では、技官時代に患者やスタッフからどのような情報提供があったか、
より具体的に実例を元にみていきたい。
まずは患者からだ。
領収書と医療費通知に関しては少なからず齟齬が出る事はあるものだから、
余程乖離していなければ心配する必要はない。
ただしこの微々たる差に関してさえ、たくさんの通報があるのだ。
しかしそんな事をいちいち気にしている程、技官も暇ではない。
では、どのような通報が有力情報として扱われるのか?
その前に、患者からの様々な通報を供覧していきたい。
「治療費が高い!この先生、何か不正しとるんちゃうか?」
この部分だけ切り取ると、ドキッとする通報だが、そんなことはない。
なぜならそのほとんどが、費用が高い事に対するただの文句だからだ。
そっちで勝手にしてくれや、というようなしょーもない通報だ。
厚生局はカスタマーセンターちゃうねんぞ?と思ってしまう。
これは歯科医院に限った事ではないが、料金でいちゃもんを付けてくる人間は
どうしようもないのが多い。
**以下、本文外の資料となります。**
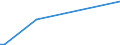 Flow: Exports / Measure: Values / Partner Country: Canada / Reporting Country: Finland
いや、むしろ調子に乗り続ける感じだ。
オレが聞いた話ではデンチャー作製において、セット後どうしても合わないというケース。
これは誰もが必ず経験する症例だろう。
その先生は結局、「よそで作るから治療費返せ」と言われて泣く泣く返金したそうや。
すると後日また電話がかかってきて、治療費が足らんかったから追加して金出せと
言われたそうや。
信じられへんけど、そういう奴はおる。
自費治療は各医院に契約書みたいなんがあるから知らんけど、保険治療はあらかじめ
負担割合が決まっとる。明朗会計や。
ちゃんと治療をしとるんや、それを入れ歯も返さんと金だけ返せ、やと?
このように金に汚い患者は腐るほどおる。
そういったクレーム対応として、実際オレも使ってみて効果的やったのが、金でごねてきた時に
「国で決められてる事なんで、国に聞いて下さい!」やな。
これは良く効くわ。
それでもまだごねてくるようやったら、しゃべる間も与えずに追い出すか
それこそ警察官よんだらええんちゃうか?
あまりにも調子こいてたら、ちょっとくらい痛い目見てもらわんとな。
患者からの通報はだいたいが取るに足らん内容やから当然、情報としては鮮度が劣る。
だから、そんなんいちいち気にせんでよろしいわ、と言いたいところやけど残念
ながらそう言い切れる話でもない。
そのなかに、核心をついた情報が混ざってるからや。
つまりそれが、厚生局側にとって有力な情報となる。
以前のコラムでも述べたが、そこにいわゆる「不正請求」と思われる
情報提供があるんや。
改めて説明すると、大きく分けて次の4つとなる。
①架空請求
②付増請求
③振替請求
④二重請求
だ。これは故意であろうがなかろうが、明確な証拠が残ってしまう可能性が
誰にでもあるので当然ながら要注意やで。
当然これも取るに足らん内容はあるけど、先生にとって致命傷を与えるような
内容だって、もちろんある。
そういう情報提供が積み重なると、どうなるやろな?
まだ個別指導で済んでラッキーやった、事にもなるんやで。
ええか、患者はしっかりみて治療・算定せなあかん。
医院が波に乗ってる時こそ、ここで足元すくわれる先生が多いんや。